Ok I think I've figured it out.
I'm using it wrong. I'm still thinking in terms of how things worked in SL.
According to this video here . . .
http://www.youtube.com/watch?v=bG9l1l2cZ-E&feature=related
There's really no need to assign apps to a space. In fact, doing so seems to defeat the purpose of Mission Control. Mission Control already groups all of your windows together, and these groups are separated by app. So in effect, each app does have its own space in Mission Control, but when you're not in Mission Control it's all jumbled in one Window. I'm not sure if I like this behaviour.

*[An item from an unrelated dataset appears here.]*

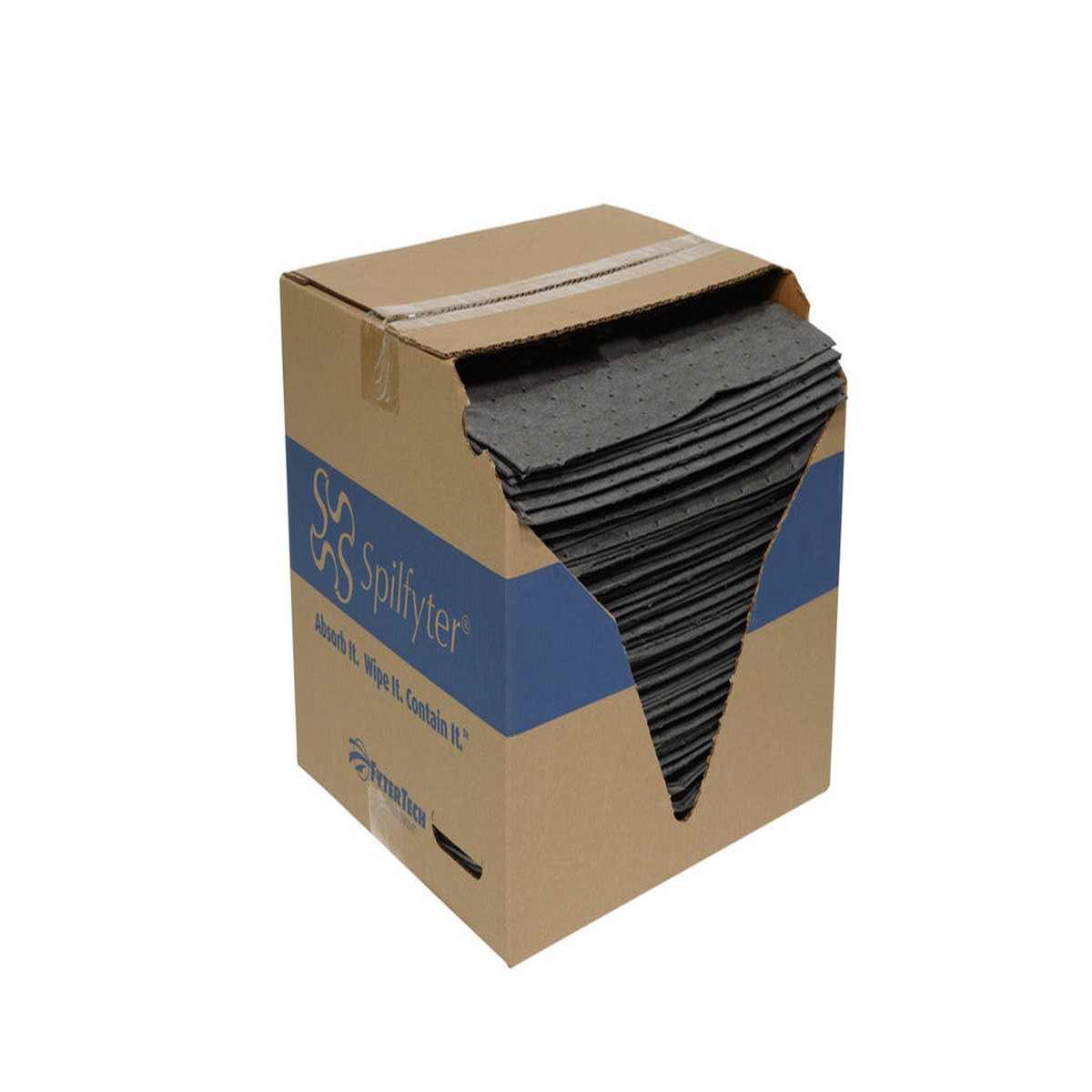 Spilfyter GFF-75 Gray Universal Premium Sorbent Double Weight Absorbent Pad, 18" Length x 16" Width, Case of 100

However, if I want to focus on an app I can go full-screen with it and it'll set it off to the side, sort of in a "focus area." Now *that* I can understand.
Of course, if you go full screen with multiple windows of the same app, these windows will be shown separately in this "focus area."
In light of all this I'm not sure what the point is of assigning anything to its own desktop. Unless you are on that app's assigned desktop, Mission Control won't expose any of it in the usual manner.
Do note that in terms of focus, if you have multiple windows open for the same app and you do an expose, then all you'll get is an expose of just those windows. That's a nice touch.
No wonder Apple made it a little more difficult to assign apps to desktops. It seems Apple is encouraging users to do everything on the same desktop and allow Mission Control to handle the grouping/organizing when you need it. And if you need to focus on something without any app jumble peeking out behind it, then go full screen and you can access that window on the side.
If you want to maintain focus on a particular app window - you're working on a paper, etc. - and you don't want to go full-screen and refer to the "focus area", then you can simply enlarge the window. You can do it the Apple way (I admit, not the greatest in this case) or use a utility like Right Zoom:
http://www.macupdate.com/app/mac/30591/right-zoom
So . . . unless you work with an app for which you open a lot of windows (i.e., multiple Pages documents at a time, multiple Safari windows, etc.) then it isn't really worth it to use multiple desktops.
So I kind of get it now. I'll use it the "intended" way for a while and see how things pan out.